■ **Available data**:
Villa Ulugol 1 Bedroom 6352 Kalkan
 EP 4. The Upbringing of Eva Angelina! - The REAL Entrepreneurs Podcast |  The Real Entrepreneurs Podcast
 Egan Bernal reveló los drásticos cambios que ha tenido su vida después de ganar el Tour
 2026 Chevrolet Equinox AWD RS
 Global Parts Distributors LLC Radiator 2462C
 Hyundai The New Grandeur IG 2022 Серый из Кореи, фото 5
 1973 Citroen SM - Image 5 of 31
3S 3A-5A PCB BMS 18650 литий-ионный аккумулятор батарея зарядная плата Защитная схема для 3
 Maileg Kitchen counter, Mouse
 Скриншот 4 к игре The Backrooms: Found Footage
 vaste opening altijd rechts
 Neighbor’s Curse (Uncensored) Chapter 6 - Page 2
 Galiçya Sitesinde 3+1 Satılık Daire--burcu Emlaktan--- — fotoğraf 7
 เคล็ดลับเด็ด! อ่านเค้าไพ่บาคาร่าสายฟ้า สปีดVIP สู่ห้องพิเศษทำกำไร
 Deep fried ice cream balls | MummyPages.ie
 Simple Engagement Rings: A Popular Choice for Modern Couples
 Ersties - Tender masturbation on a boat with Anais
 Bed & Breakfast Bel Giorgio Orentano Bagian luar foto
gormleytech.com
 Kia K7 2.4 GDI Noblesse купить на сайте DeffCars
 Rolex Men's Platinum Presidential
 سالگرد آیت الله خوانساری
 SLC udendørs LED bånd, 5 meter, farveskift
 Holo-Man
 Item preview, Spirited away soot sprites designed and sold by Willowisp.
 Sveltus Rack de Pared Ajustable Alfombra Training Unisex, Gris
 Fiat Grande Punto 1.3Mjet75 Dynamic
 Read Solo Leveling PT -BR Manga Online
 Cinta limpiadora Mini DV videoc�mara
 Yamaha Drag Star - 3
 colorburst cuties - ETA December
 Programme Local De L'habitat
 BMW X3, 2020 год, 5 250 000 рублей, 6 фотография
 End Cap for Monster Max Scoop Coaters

■ **What the exercise asks**: Print the records once more, exactly as they were given.

■ **Result of the task**:
Villa Ulugol 1 Bedroom 6352 Kalkan
 EP 4. The Upbringing of Eva Angelina! - The REAL Entrepreneurs Podcast |  The Real Entrepreneurs Podcast
 Egan Bernal reveló los drásticos cambios que ha tenido su vida después de ganar el Tour
 2026 Chevrolet Equinox AWD RS
 Global Parts Distributors LLC Radiator 2462C
 Hyundai The New Grandeur IG 2022 Серый из Кореи, фото 5
 1973 Citroen SM - Image 5 of 31
3S 3A-5A PCB BMS 18650 литий-ионный аккумулятор батарея зарядная плата Защитная схема для 3
 Maileg Kitchen counter, Mouse
 Скриншот 4 к игре The Backrooms: Found Footage
 vaste opening altijd rechts
 Neighbor’s Curse (Uncensored) Chapter 6 - Page 2
 Galiçya Sitesinde 3+1 Satılık Daire--burcu Emlaktan--- — fotoğraf 7
 เคล็ดลับเด็ด! อ่านเค้าไพ่บาคาร่าสายฟ้า สปีดVIP สู่ห้องพิเศษทำกำไร
 Deep fried ice cream balls | MummyPages.ie
 Simple Engagement Rings: A Popular Choice for Modern Couples
 Ersties - Tender masturbation on a boat with Anais
 Bed & Breakfast Bel Giorgio Orentano Bagian luar foto
gormleytech.com
 Kia K7 2.4 GDI Noblesse купить на сайте DeffCars
 Rolex Men's Platinum Presidential
 سالگرد آیت الله خوانساری
 SLC udendørs LED bånd, 5 meter, farveskift
 Holo-Man
 Item preview, Spirited away soot sprites designed and sold by Willowisp.
 Sveltus Rack de Pared Ajustable Alfombra Training Unisex, Gris
 Fiat Grande Punto 1.3Mjet75 Dynamic
 Read Solo Leveling PT -BR Manga Online
 Cinta limpiadora Mini DV videoc�mara
 Yamaha Drag Star - 3
 colorburst cuties - ETA December
 Programme Local De L'habitat
 BMW X3, 2020 год, 5 250 000 рублей, 6 фотография
 End Cap for Monster Max Scoop Coaters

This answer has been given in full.